▶

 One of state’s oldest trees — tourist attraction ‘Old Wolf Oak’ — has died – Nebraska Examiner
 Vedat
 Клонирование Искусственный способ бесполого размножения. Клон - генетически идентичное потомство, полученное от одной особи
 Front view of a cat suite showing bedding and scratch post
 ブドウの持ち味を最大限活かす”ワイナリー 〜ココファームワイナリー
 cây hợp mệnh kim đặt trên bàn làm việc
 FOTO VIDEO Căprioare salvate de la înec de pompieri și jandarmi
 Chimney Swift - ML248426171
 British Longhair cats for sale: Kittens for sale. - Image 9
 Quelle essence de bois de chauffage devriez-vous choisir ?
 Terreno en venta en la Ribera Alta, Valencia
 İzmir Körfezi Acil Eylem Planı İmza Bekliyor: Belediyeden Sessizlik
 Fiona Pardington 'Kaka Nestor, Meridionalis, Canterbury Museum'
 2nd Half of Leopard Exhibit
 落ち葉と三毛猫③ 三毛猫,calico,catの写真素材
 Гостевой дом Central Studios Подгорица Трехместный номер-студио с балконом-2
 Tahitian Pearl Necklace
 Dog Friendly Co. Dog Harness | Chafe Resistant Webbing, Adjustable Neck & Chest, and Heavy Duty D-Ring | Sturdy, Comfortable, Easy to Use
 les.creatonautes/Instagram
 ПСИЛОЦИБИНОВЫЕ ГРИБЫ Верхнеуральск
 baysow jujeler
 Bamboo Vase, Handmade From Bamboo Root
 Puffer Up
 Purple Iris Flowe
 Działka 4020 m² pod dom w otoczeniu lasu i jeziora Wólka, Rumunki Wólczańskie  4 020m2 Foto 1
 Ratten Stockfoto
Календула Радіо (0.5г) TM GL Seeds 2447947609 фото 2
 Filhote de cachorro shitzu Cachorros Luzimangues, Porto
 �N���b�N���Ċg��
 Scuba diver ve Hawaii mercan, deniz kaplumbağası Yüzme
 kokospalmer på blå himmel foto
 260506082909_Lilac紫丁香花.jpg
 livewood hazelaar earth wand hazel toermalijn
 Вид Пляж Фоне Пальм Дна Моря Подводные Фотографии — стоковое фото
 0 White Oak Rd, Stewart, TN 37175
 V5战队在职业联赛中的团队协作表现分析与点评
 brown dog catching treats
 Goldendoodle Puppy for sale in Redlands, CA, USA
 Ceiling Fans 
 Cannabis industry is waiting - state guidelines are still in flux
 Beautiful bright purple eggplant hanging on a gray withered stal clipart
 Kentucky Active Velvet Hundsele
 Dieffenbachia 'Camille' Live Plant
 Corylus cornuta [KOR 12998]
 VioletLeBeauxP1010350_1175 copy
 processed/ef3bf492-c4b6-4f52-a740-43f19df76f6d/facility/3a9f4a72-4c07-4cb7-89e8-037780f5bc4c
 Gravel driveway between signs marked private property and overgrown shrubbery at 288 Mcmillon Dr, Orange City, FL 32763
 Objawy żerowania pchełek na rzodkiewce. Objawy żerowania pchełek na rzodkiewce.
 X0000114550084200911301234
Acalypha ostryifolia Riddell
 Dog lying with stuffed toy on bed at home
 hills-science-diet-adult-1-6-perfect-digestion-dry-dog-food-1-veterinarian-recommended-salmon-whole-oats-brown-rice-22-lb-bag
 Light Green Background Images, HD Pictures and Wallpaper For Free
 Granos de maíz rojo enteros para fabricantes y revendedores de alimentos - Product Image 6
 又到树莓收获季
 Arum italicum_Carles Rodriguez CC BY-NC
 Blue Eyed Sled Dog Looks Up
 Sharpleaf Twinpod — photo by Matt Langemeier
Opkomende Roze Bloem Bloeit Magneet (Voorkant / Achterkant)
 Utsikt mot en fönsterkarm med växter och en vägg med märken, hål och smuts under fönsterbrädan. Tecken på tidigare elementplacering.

◀

**Directions for this task**
Copy out every line in the records where the word "brown" is found.

**Completed exercise**
 brown dog catching treats
 hills-science-diet-adult-1-6-perfect-digestion-dry-dog-food-1-veterinarian-recommended-salmon-whole-oats-brown-rice-22-lb-bag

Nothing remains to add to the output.